Veniamo al lavoro in studio. Per le tue produzioni, utilizzi strumenti musicali analogici che suoni tu stessa, o qualche tuo collaboratore, oppure ti dedichi alla produzione in maniera completamente digitale? Spiegaci brevemente questo processo metodologico fatto di tecnica, magari indicandoci che tipo di macchine utilizzi, e di creatività.
Tendo a mischiare il digitale e l’analogico. La praticità e l’immediatezza del digitale sono un aspetto essenziale secondo me. Ti permette anche di avere a disposizione una gamma di suoni e di possibilità infinite! Lo uso soprattutto per l’effettistica.
L’analogico è caldo e potente e mi appartiene. Crea un contrasto molto forte e si riesce in questo modo ad avere un approccio creativo e personale.
Mi piace lavorare con batterie tipo 808, 606. etc... per i piatti, secondo i brani, uso dei campioni veri che ci siamo fatti allo studio e spesso aggiungo rullanti acustici, suonati sempre da noi.
Dei Synth classici trance che posso anche personalizzare con distorsore o altro, suono il basso e le chitarre, nell’ampli (Marshall o Vox), tranne che per il singolo di Luchè “Che Dio mi benedica” dove le chitarre acustiche  sono state suonate da  Rosario.
Il moog e la king korg sono indispensabili! E tra l’altro sono un esempio perfetto di un matrimonio intelligente tra analogico e digitale.
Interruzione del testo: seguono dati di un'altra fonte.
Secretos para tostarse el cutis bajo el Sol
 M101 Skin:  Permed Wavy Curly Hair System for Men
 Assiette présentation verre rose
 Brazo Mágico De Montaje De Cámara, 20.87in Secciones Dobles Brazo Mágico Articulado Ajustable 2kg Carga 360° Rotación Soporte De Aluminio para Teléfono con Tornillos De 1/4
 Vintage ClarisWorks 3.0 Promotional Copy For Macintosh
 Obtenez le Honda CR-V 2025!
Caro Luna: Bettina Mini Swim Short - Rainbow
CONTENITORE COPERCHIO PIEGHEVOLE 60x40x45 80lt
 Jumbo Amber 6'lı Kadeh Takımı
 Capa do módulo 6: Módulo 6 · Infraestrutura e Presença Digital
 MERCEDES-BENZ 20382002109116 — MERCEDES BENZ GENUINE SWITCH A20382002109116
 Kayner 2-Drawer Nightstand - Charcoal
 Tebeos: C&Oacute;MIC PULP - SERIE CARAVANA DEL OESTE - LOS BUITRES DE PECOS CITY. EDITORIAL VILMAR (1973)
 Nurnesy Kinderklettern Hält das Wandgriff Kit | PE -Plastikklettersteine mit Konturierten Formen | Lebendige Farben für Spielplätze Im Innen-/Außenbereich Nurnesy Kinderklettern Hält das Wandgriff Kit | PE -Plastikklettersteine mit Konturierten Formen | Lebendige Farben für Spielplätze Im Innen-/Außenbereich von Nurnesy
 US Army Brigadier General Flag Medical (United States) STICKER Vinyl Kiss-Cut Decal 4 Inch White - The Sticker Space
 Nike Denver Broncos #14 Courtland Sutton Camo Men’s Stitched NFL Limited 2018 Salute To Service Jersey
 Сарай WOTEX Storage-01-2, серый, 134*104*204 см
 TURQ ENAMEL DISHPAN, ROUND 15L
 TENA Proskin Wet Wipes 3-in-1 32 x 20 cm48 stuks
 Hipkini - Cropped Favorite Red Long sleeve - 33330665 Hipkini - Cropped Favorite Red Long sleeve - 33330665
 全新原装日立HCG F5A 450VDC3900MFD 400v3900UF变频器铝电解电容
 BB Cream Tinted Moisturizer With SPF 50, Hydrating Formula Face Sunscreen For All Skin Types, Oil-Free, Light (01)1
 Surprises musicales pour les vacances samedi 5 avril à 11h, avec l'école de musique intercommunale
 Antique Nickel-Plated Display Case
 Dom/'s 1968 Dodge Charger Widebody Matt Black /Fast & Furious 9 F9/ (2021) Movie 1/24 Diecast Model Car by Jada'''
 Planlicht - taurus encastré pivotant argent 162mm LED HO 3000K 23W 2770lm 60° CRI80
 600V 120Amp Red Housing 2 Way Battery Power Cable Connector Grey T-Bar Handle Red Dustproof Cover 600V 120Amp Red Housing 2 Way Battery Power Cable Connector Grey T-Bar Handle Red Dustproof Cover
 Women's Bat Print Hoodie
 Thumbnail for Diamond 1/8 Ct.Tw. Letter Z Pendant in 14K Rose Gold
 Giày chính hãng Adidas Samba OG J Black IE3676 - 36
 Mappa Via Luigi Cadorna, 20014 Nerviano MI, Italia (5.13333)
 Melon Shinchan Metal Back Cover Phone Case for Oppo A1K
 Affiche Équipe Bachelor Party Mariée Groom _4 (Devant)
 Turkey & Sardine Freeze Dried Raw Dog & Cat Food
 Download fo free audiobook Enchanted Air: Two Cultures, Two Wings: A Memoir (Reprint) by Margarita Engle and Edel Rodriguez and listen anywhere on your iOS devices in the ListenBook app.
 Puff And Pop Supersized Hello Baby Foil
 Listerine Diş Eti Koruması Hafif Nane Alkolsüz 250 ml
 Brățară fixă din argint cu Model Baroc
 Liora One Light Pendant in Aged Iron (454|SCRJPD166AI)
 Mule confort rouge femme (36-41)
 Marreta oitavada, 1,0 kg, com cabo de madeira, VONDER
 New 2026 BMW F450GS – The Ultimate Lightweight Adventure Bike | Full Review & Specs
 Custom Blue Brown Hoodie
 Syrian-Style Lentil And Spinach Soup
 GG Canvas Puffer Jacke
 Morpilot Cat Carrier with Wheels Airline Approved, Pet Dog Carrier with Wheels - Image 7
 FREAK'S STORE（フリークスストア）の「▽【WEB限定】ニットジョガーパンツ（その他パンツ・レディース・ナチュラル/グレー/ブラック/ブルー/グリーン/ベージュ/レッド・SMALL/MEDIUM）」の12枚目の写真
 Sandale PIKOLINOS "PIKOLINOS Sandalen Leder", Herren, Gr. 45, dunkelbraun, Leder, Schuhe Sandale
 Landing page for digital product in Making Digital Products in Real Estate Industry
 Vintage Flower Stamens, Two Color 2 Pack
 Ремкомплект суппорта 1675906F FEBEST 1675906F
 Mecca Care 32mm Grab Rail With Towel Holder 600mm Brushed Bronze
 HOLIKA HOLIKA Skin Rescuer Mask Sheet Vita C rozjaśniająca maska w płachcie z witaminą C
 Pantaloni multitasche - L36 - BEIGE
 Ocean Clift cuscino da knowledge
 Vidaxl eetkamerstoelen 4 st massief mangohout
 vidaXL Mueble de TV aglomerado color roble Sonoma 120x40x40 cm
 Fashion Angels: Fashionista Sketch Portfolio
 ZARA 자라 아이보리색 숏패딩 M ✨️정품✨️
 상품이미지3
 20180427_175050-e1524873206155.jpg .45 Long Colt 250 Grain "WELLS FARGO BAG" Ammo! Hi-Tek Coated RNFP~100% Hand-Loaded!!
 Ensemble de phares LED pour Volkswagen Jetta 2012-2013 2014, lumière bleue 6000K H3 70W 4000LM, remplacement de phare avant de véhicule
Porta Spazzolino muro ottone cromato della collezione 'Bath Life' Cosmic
Momento “Alta fedeltà”. Ascoltando i tuoi lavori sembra quasi tu sia ossessionata dalla ricerca del loop perfetto. Quali sono le cinque produzioni di sempre che consideri perfette? Senza necessariamente limitarsi al rap.
Timbaland X Jay-Z - “Dirt off your shoulder”
Pharrell X Snoop Dog - “Drop it like it’s hot”
Swizz Beatz  X Pusha T - “Number on the Boards”
Diplo Vs Dj Fresh  feat. Dominique Young - “EarthQuake”
HitBoy X Jay-Z & Kanye West - “Ni**as in Paris”
Ho scelto produzioni urban - Hip Hop per ridurre le scelte. Ce ne sono tante altre che mi piacciono, queste sono le prime 5 che mi sono venute in mente.
PS: l’ordine è casuale!

Focalizziamoci adesso sul lavoro svolto per il disco di Luchè “Malammore”, pubblicato il 15 luglio per Universal. Sappiamo che hai missato gran parte dell’album ed hai prodotto il singolo ufficiale “Che Dio mi benedica” oltre al brano “Quando non ero nessuno”. Oltre al fatto che non ricordiamo di una produzione femminile, su un disco italiano uscito oltretutto con una major, da sempre probabilmente, che chimica è nata in studio tra te, D-Ross e Luchè? Corretto dire che è stato un lavoro di squadra in tutto e per tutto?
Assolutamente. Oltre a produrre dei beat, con Luchè lavoriamo a 360 gradi. Ascoltiamo musica insieme, parliamo della direzione  artistica del disco, del modo in cui farlo uscire, del marketing, dei live, etc.
Luchè è un artista vero al 100%, è musica. É pronto a mettersi in gioco ad ogni brano, a respingere i confini.
C’è un vero scambio tra me e lui e Rosario.
Oltre ad essere un amico, è una grande fortuna lavorare con lui.
 


Grazie alle tue abilità hai collaborato con molti artisti. Hai prodotto l’ultimo singolo di Ivan Granatino, hai lavorato alle produzioni di Raiz, Lucariello, Enzo Dong, per fare qualche nome. Hai missato “La vita giusta per me” di Coco. Tanto lavoro! Come ti confronti in studio con tutte queste personalità?
Come ho detto prima tutto è trovare l’equilibrio tra i 2 mondi, quello dell’artista e il proprio. Di solito chi viene allo studio conosce il nostro lavoro (o mio o quello di Rosario) e cerca proprio quel tipo di suono o di produzione, etc.
Non è sempre evidente e facile, non è un lavoro meccanico, devi anche misurarti con l’aspetto emotivo e la sensibilità dell’artista. Durante la lavorazione di un disco ci sono anche momenti di sconforto, di scoraggiamento e di dubbi che devi imparare a gestire.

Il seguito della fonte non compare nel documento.